▸ **Work item**
Each line of the data below from the one holding "Cartera en piel genuina de pitón para dama" to the one holding "The S&M Bolt", inclusive, is to be reproduced exactly; no other line belongs in the answer.

=== Section Start ===

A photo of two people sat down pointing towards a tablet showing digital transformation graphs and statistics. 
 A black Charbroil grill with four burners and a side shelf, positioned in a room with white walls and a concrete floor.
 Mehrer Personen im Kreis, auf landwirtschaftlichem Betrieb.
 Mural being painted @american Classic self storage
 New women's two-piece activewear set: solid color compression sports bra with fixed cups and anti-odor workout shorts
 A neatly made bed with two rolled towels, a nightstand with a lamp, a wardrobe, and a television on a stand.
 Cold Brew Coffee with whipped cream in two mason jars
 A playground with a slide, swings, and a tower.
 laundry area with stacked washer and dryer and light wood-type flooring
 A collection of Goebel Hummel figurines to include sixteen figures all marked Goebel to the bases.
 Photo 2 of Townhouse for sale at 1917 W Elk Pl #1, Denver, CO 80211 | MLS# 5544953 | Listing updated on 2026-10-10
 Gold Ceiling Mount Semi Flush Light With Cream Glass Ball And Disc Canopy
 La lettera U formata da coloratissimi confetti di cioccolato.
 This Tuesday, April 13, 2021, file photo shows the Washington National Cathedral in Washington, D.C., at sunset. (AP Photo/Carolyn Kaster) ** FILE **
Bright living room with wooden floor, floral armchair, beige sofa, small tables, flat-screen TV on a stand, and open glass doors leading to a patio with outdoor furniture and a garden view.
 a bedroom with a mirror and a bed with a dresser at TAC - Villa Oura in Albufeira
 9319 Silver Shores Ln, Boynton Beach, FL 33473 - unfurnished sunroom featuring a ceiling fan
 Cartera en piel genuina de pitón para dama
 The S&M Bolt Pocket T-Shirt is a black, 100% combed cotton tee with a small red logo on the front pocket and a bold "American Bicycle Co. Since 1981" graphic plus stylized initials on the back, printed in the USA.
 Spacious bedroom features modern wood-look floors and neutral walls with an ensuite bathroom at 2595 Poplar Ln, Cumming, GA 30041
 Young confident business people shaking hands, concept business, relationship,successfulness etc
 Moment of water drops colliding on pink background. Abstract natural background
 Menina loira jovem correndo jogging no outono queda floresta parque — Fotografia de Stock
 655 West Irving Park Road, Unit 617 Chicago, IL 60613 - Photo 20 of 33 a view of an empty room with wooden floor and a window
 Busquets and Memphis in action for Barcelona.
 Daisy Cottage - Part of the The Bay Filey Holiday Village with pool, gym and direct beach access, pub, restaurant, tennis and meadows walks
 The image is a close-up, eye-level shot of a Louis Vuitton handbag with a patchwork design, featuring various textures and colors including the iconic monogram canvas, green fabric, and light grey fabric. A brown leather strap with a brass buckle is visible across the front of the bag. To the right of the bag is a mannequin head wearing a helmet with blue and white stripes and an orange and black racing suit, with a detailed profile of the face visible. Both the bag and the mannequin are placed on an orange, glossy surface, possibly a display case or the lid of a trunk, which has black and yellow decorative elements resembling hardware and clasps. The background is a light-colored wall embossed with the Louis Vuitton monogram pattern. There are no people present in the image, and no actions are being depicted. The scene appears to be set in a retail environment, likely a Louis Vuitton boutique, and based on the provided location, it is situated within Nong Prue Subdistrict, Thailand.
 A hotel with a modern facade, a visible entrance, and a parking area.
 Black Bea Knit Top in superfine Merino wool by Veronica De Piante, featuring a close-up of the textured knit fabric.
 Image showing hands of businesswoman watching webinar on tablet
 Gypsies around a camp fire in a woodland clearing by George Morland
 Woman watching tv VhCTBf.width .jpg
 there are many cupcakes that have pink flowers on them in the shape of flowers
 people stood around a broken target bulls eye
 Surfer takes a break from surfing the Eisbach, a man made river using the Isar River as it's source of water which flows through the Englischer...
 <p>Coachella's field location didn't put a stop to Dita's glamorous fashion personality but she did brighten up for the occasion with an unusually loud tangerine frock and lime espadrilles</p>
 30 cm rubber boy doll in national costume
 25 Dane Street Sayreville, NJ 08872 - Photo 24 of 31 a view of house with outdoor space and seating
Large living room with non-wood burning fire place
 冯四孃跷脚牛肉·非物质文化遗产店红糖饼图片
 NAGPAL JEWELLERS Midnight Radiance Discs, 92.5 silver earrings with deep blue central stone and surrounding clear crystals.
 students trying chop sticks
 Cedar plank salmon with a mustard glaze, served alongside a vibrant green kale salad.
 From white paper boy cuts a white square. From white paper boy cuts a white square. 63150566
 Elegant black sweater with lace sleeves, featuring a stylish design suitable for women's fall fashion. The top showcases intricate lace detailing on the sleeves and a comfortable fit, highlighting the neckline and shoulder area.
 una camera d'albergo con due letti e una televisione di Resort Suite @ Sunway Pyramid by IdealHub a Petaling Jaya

=== Section End ===

▸ **Result for this task**
 Cartera en piel genuina de pitón para dama
 The S&M Bolt Pocket T-Shirt is a black, 100% combed cotton tee with a small red logo on the front pocket and a bold "American Bicycle Co. Since 1981" graphic plus stylized initials on the back, printed in the USA.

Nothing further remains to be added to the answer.